**INPUT DATA:**
=====

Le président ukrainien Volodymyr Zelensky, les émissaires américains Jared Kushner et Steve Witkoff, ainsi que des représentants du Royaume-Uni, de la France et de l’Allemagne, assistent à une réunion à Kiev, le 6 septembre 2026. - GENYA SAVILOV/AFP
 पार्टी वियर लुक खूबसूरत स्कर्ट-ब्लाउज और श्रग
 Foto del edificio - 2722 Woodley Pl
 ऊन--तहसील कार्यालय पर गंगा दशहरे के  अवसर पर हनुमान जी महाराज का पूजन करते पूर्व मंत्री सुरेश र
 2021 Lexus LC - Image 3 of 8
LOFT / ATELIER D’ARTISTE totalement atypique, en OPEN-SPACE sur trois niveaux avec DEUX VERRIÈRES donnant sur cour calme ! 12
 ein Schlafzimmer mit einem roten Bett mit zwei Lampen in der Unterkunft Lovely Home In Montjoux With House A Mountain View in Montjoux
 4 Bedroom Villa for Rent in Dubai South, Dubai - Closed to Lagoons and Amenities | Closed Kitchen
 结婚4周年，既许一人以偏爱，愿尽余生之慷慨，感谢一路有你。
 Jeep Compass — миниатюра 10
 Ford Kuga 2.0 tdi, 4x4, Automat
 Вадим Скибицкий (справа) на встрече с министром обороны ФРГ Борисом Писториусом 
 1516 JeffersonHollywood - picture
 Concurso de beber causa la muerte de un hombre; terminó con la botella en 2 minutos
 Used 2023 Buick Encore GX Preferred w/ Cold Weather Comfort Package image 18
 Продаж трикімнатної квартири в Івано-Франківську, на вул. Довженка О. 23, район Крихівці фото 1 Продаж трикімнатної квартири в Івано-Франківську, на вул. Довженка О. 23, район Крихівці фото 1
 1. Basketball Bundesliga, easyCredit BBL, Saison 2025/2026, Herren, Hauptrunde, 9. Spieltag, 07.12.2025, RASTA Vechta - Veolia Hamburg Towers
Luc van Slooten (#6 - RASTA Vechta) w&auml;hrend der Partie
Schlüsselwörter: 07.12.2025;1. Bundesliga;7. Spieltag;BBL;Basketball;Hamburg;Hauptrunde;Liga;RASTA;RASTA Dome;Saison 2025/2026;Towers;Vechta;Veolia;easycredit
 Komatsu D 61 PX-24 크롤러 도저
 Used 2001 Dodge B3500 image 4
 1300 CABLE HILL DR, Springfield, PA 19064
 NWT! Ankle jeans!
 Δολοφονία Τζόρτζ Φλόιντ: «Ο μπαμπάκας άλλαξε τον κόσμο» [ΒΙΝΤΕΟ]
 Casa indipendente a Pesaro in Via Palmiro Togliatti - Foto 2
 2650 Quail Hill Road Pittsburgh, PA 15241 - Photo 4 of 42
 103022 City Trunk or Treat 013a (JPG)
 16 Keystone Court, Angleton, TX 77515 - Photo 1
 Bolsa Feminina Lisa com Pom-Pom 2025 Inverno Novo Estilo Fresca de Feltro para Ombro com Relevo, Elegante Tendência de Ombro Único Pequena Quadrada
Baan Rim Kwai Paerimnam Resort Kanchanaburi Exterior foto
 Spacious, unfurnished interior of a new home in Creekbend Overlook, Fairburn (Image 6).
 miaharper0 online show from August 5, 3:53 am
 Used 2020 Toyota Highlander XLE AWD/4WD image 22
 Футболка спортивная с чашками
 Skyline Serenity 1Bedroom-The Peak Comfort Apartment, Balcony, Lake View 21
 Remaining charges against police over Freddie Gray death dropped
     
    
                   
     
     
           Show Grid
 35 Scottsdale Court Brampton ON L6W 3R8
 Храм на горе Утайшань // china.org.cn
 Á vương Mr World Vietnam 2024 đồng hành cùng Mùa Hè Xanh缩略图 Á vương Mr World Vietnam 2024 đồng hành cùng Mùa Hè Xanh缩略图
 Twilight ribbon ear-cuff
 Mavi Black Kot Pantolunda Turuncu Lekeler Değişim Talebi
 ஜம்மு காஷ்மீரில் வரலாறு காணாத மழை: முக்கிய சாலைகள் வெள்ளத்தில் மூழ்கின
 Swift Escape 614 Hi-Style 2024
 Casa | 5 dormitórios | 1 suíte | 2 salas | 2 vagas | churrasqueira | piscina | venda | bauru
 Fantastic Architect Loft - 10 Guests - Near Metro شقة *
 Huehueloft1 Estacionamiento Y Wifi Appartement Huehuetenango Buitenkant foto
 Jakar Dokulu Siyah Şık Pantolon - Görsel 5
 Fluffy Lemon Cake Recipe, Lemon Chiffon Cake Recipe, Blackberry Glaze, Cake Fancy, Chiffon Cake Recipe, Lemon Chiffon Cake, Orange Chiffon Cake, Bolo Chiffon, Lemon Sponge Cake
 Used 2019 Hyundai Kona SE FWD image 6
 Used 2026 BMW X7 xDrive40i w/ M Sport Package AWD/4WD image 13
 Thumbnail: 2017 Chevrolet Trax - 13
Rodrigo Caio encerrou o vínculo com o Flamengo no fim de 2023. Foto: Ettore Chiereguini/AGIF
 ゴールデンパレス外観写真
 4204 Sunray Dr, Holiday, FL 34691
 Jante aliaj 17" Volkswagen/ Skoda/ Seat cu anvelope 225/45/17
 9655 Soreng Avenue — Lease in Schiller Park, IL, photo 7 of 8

=====

**YOUR TASK:** What are the lines, exactly as written above, from the line with "35 Scottsdale Court Brampton ON L6W 3R8" to the line with "Jakar Dokulu Siyah Şık Pantolon - Görsel 5", both included? Output only those.

**EXERCISE OUTPUT:**
 35 Scottsdale Court Brampton ON L6W 3R8
 Храм на горе Утайшань // china.org.cn
 Á vương Mr World Vietnam 2024 đồng hành cùng Mùa Hè Xanh缩略图 Á vương Mr World Vietnam 2024 đồng hành cùng Mùa Hè Xanh缩略图
 Twilight ribbon ear-cuff
 Mavi Black Kot Pantolunda Turuncu Lekeler Değişim Talebi
 ஜம்மு காஷ்மீரில் வரலாறு காணாத மழை: முக்கிய சாலைகள் வெள்ளத்தில் மூழ்கின
 Swift Escape 614 Hi-Style 2024
 Casa | 5 dormitórios | 1 suíte | 2 salas | 2 vagas | churrasqueira | piscina | venda | bauru
 Fantastic Architect Loft - 10 Guests - Near Metro شقة *
 Huehueloft1 Estacionamiento Y Wifi Appartement Huehuetenango Buitenkant foto
 Jakar Dokulu Siyah Şık Pantolon - Görsel 5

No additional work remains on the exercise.